» **Problem statement**: Print the lines of the entries below from the one with "Mitsubishi CANTER 2009-12 7057826-14" through the final line, exactly as they appear. The pictures are not part of the copy.

[Image-caption web data]
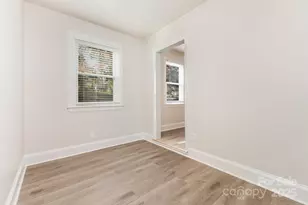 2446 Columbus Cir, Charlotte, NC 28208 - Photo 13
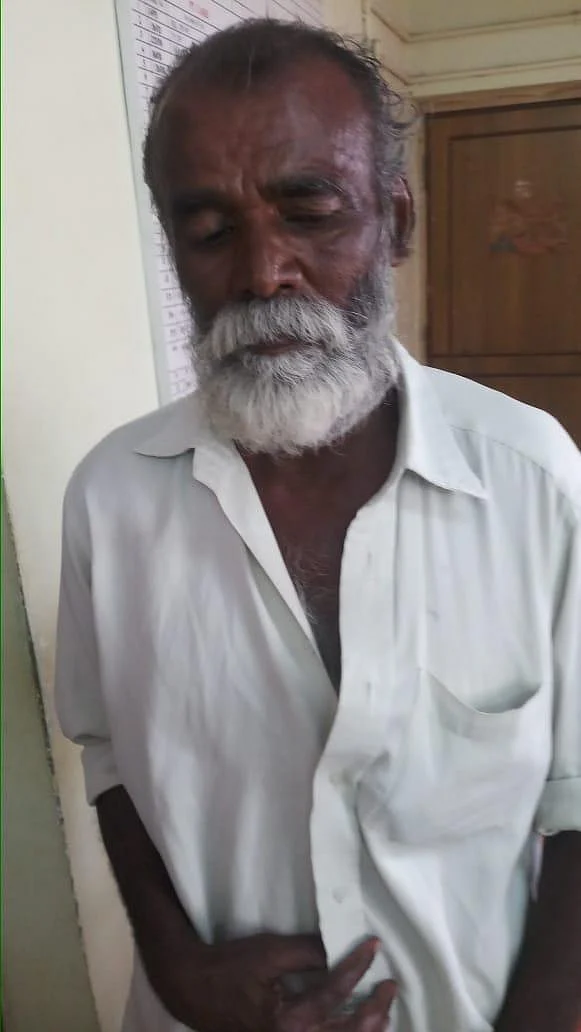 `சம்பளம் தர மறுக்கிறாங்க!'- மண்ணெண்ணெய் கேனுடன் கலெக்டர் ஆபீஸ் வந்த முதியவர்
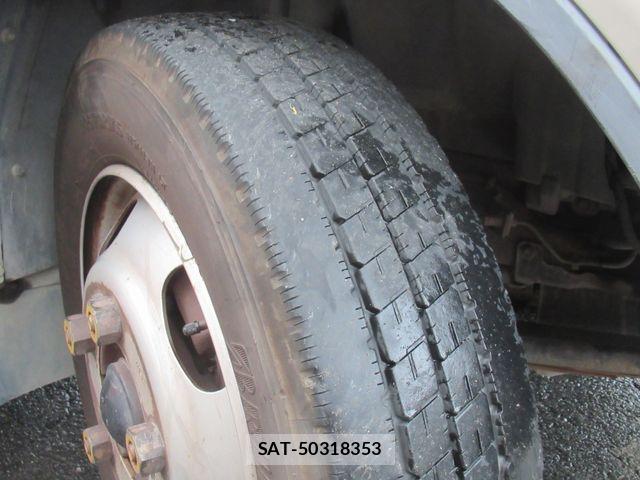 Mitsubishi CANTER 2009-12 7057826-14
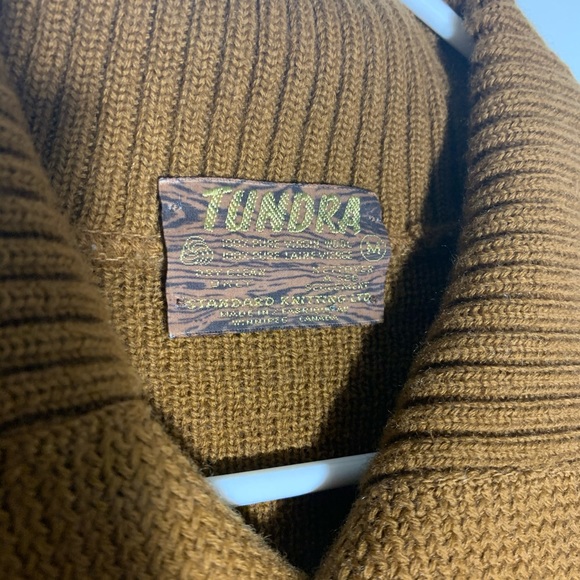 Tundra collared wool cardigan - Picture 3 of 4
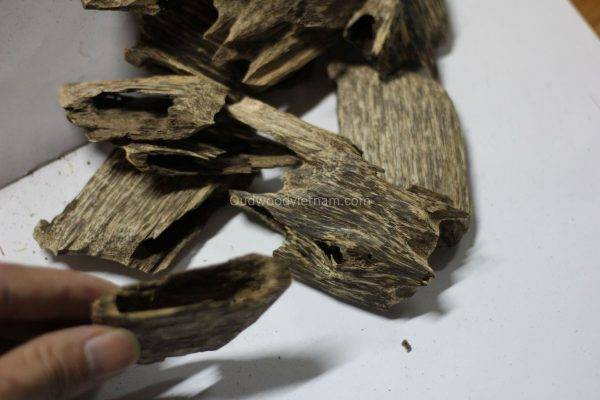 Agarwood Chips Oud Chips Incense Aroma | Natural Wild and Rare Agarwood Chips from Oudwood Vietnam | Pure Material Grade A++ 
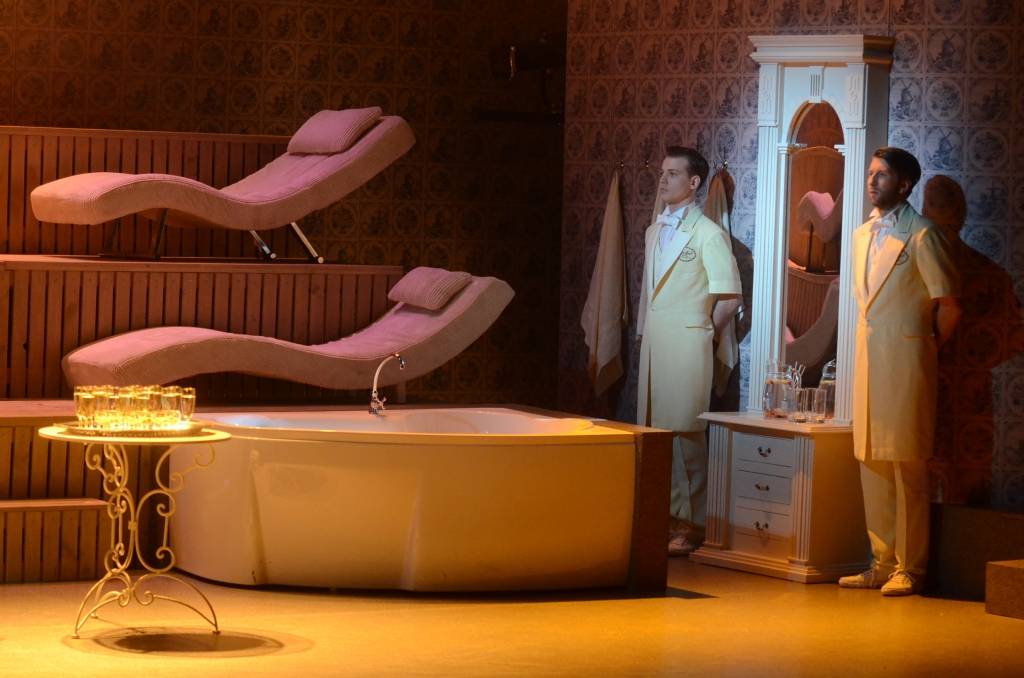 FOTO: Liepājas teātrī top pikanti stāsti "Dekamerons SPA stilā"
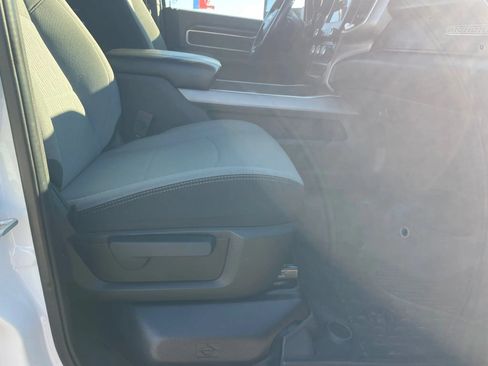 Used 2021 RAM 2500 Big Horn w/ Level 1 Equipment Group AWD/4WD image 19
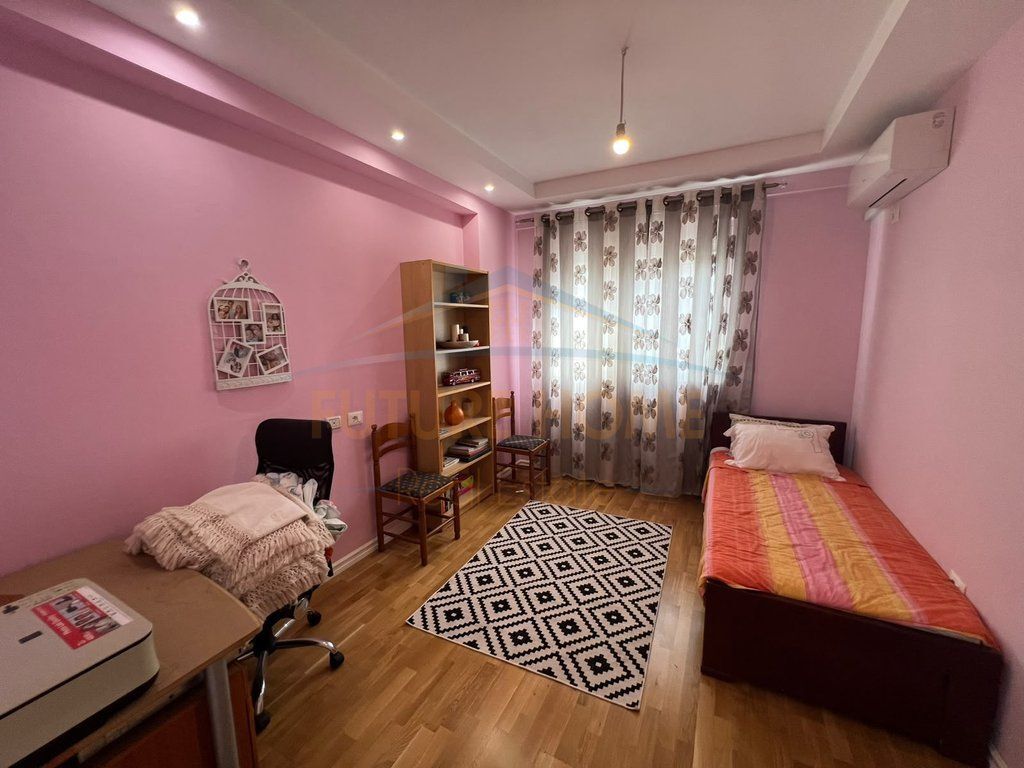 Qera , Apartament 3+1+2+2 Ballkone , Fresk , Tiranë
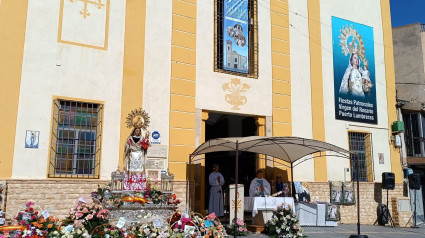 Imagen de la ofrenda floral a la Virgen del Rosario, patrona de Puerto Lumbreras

» **The answer**:
 Mitsubishi CANTER 2009-12 7057826-14
 Tundra collared wool cardigan - Picture 3 of 4
 Agarwood Chips Oud Chips Incense Aroma | Natural Wild and Rare Agarwood Chips from Oudwood Vietnam | Pure Material Grade A++ 
 FOTO: Liepājas teātrī top pikanti stāsti "Dekamerons SPA stilā"
 Used 2021 RAM 2500 Big Horn w/ Level 1 Equipment Group AWD/4WD image 19
 Qera , Apartament 3+1+2+2 Ballkone , Fresk , Tiranë
 Imagen de la ofrenda floral a la Virgen del Rosario, patrona de Puerto Lumbreras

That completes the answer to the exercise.